[Data entries]
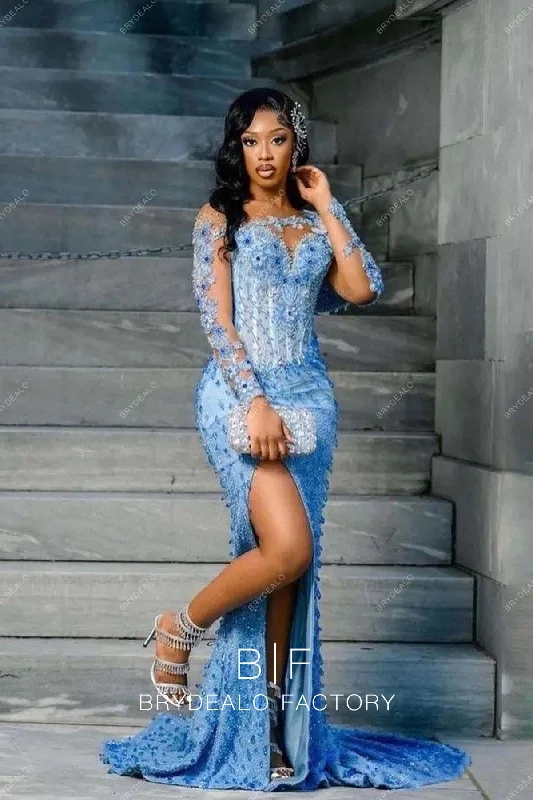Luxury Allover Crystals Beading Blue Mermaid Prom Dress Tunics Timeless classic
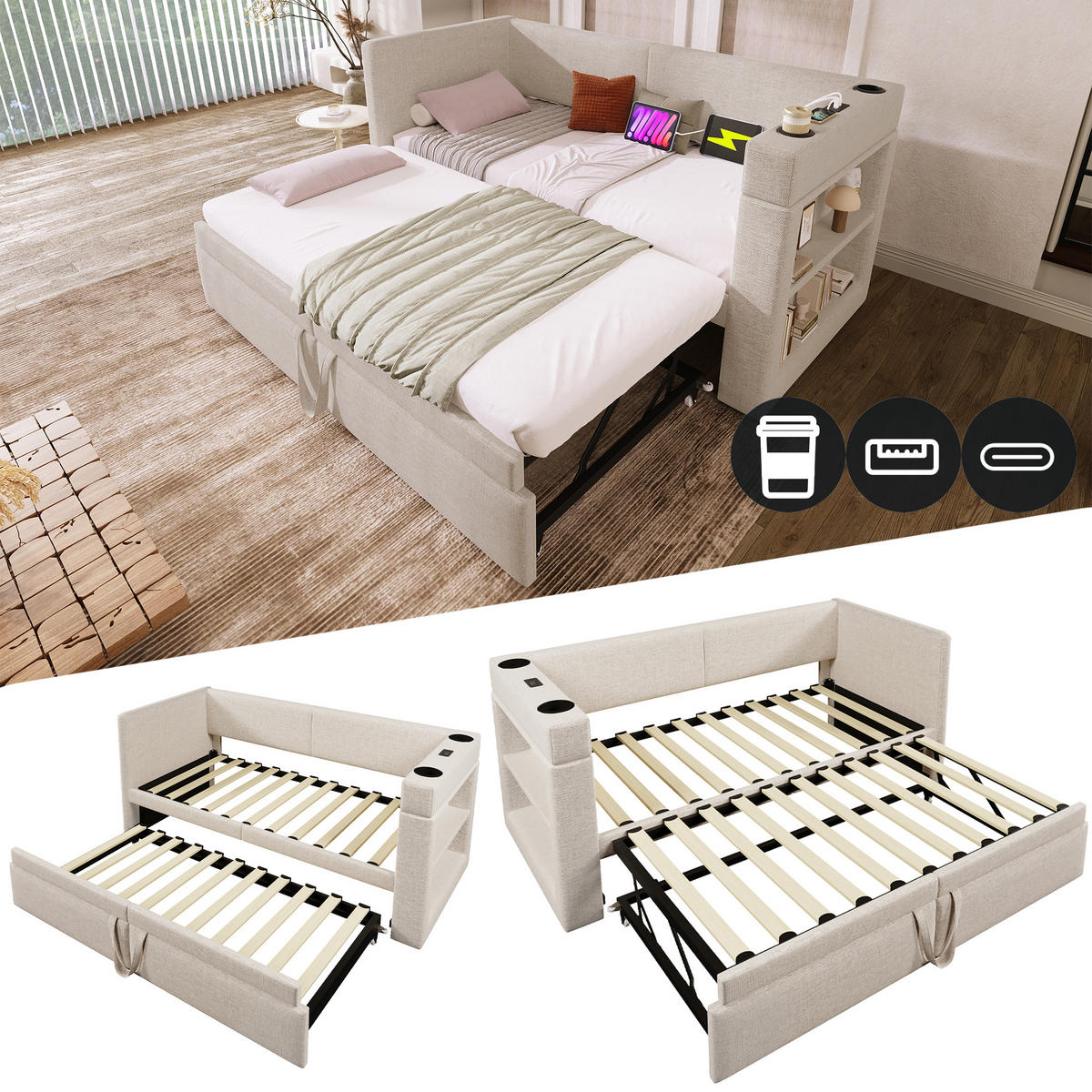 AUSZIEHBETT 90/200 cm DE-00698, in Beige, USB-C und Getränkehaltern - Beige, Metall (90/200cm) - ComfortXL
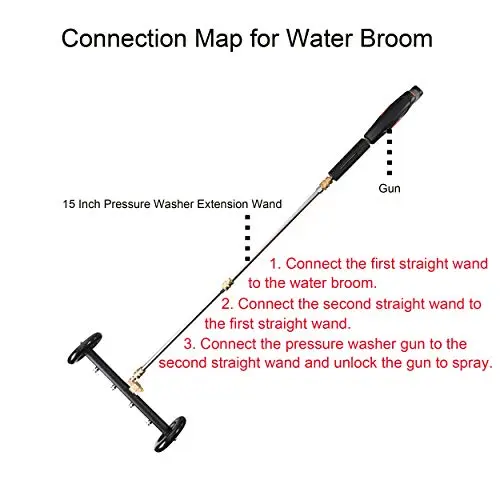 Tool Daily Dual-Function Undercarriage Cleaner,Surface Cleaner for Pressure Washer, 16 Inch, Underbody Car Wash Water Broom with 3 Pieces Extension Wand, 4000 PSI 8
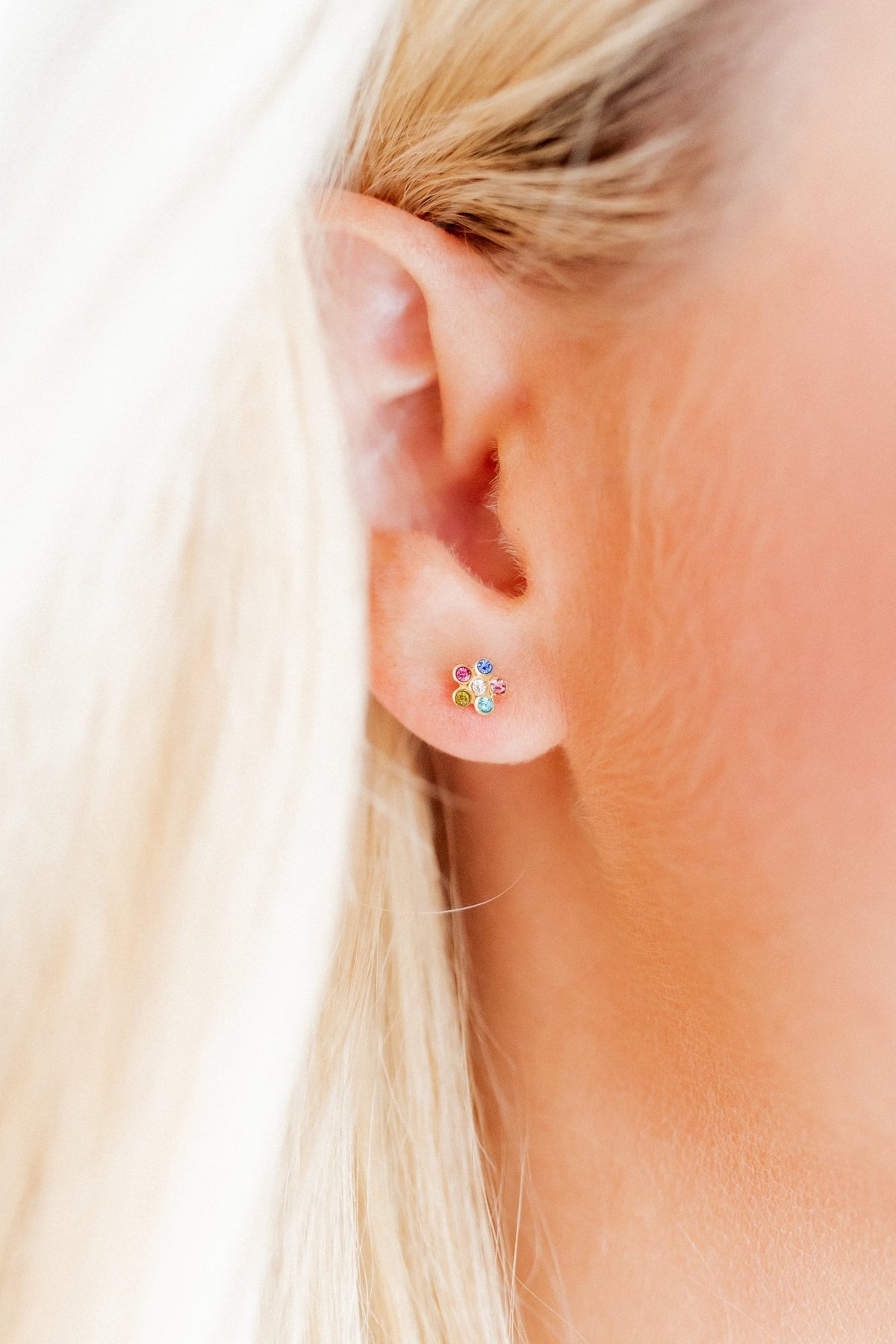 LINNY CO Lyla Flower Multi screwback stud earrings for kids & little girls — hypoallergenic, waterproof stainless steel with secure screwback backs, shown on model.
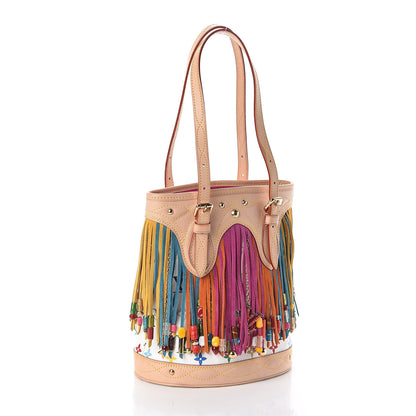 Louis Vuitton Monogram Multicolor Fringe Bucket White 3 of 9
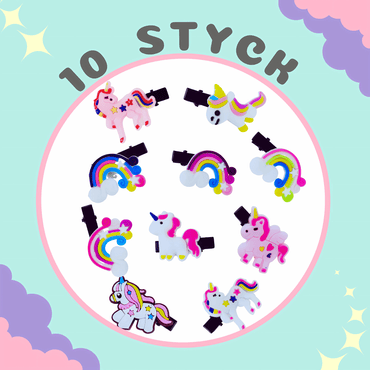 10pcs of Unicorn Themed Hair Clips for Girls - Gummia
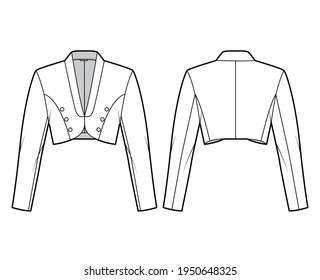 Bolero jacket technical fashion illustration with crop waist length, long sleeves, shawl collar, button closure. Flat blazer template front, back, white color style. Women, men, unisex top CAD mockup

→ What you need to do:
Write the records out exactly, dropping every image.

→ Task result:
Luxury Allover Crystals Beading Blue Mermaid Prom Dress Tunics Timeless classic
 AUSZIEHBETT 90/200 cm DE-00698, in Beige, USB-C und Getränkehaltern - Beige, Metall (90/200cm) - ComfortXL
 Tool Daily Dual-Function Undercarriage Cleaner,Surface Cleaner for Pressure Washer, 16 Inch, Underbody Car Wash Water Broom with 3 Pieces Extension Wand, 4000 PSI 8
 LINNY CO Lyla Flower Multi screwback stud earrings for kids & little girls — hypoallergenic, waterproof stainless steel with secure screwback backs, shown on model.
 Louis Vuitton Monogram Multicolor Fringe Bucket White 3 of 9
 10pcs of Unicorn Themed Hair Clips for Girls - Gummia
 Bolero jacket technical fashion illustration with crop waist length, long sleeves, shawl collar, button closure. Flat blazer template front, back, white color style. Women, men, unisex top CAD mockup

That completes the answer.